# Directions for this task
Beginning with the first line of the data below, set down each line exactly through the line that contains "A pile of abandoned".

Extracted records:
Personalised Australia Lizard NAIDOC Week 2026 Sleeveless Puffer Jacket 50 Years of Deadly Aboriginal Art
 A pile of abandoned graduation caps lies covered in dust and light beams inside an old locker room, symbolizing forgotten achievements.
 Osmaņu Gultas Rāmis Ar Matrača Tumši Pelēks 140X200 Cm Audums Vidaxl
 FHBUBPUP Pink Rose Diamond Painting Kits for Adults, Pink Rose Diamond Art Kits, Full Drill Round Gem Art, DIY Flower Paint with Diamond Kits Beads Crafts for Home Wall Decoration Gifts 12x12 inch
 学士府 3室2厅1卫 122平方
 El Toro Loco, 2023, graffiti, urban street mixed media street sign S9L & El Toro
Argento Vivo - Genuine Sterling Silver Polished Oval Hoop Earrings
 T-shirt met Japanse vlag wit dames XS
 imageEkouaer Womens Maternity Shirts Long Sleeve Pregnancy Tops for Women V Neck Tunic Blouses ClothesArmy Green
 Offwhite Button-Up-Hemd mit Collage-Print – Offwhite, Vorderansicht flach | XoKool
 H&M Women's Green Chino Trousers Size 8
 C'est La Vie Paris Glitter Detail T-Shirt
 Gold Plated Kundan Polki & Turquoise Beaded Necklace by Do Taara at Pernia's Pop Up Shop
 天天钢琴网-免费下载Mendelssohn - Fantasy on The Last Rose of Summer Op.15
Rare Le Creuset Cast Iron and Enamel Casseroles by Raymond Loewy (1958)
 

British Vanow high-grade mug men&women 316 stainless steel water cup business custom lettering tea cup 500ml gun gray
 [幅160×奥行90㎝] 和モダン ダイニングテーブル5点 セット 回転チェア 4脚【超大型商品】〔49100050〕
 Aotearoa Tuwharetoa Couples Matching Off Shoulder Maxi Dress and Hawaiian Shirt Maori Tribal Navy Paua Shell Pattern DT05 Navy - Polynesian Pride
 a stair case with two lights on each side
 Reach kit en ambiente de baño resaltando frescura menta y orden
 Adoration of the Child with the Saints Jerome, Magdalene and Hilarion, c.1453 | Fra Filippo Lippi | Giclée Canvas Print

# Result
Personalised Australia Lizard NAIDOC Week 2026 Sleeveless Puffer Jacket 50 Years of Deadly Aboriginal Art
 A pile of abandoned graduation caps lies covered in dust and light beams inside an old locker room, symbolizing forgotten achievements.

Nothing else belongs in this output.